第27回秋季学会セミナー 抄録
タイトル:技工上手には「ワケ」がある
株式会社ティーズプレート 代表取締役 田井 詳子
歯科技工士免許を持つ私たちは全員技工のスペシャリスト!です。
作業模型上で装置を製作するのが日常の私たち技工士も、矯正歯科医療に従事する皆様と同じく、矯正後の患者さんたちの健康と幸せに、矯正技工を通じて貢献したい、そんな
思いで日々技工作業と向き合っているのではないでしょうか?
そのために単なる「技工物」ではなく「矯正技工装置」をつくる必要があると考えます。
私が初めて製作した技工物はリンガルアーチでした。そのリンガルアーチは学生時代の
実習の時とは見たことも聞いたことのない全く違う形をした「技工物」でした。「装置」は、治療目標に応じ、時に複雑な機能が組み合わされることがあります。そのため装置の特性や作用機序を把握し、適切に製作できる技工上手になるには、やはり数年の経験が必要です。

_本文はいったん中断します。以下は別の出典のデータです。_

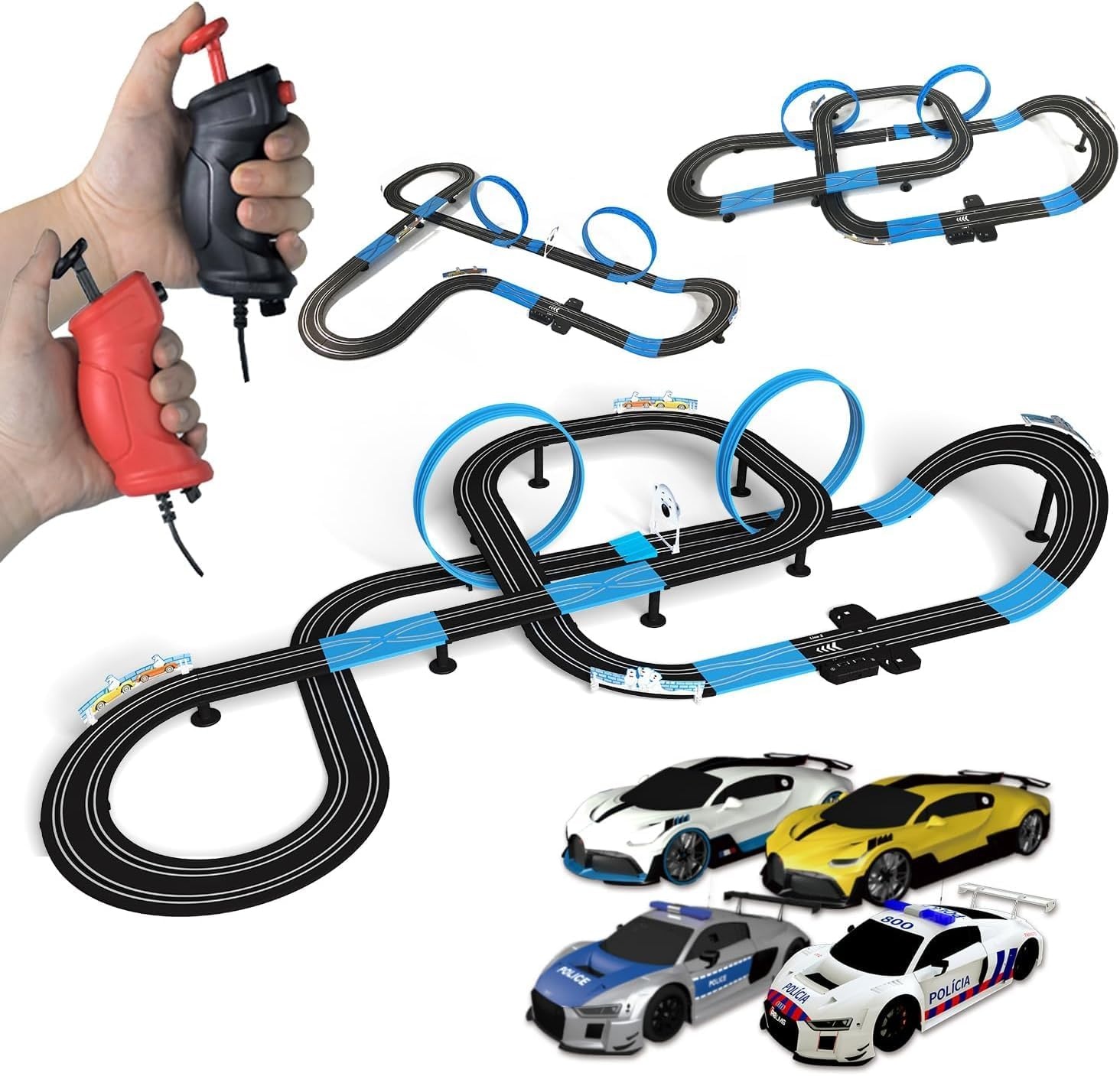AGM MASTECH Slot Car Race Track Set, High Speed Series Tram Dual Track Set met 4 Gelicentieerde Racing Slot Cars, 2 Handbedieningen, Track Parts en Lapteller, 8,4 M lange baan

一方、装置の製作には必ず正確な作業模型や、適切な材料が必要です。実際の矯正治療においても様々な材料の特性を生かした、多くの装置が使用されています。出来ることな
ら、その材料を使用しさえすれば、誰でも同じ性能が発揮される矯正装置が製作できることが理想です。しかしながら、実際は私たちスペシャリストであっても材料の取り扱いの技術的要因や経験則によって差が出ているのが実情です。
今回、歯科理工学をベースとした矯正材料の特徴や技工材料の恒常的な取り扱いを見直し、精度の高い装置製作が可能な技工上手をめざしましょう。これは、技工技術や装置製
作の際のコミュニケーション能力の向上にも重要です。明日から、今日までとは違う技工上手といわれる「ワケ」を、それぞれが考えるきっかけの時間になれば幸いです。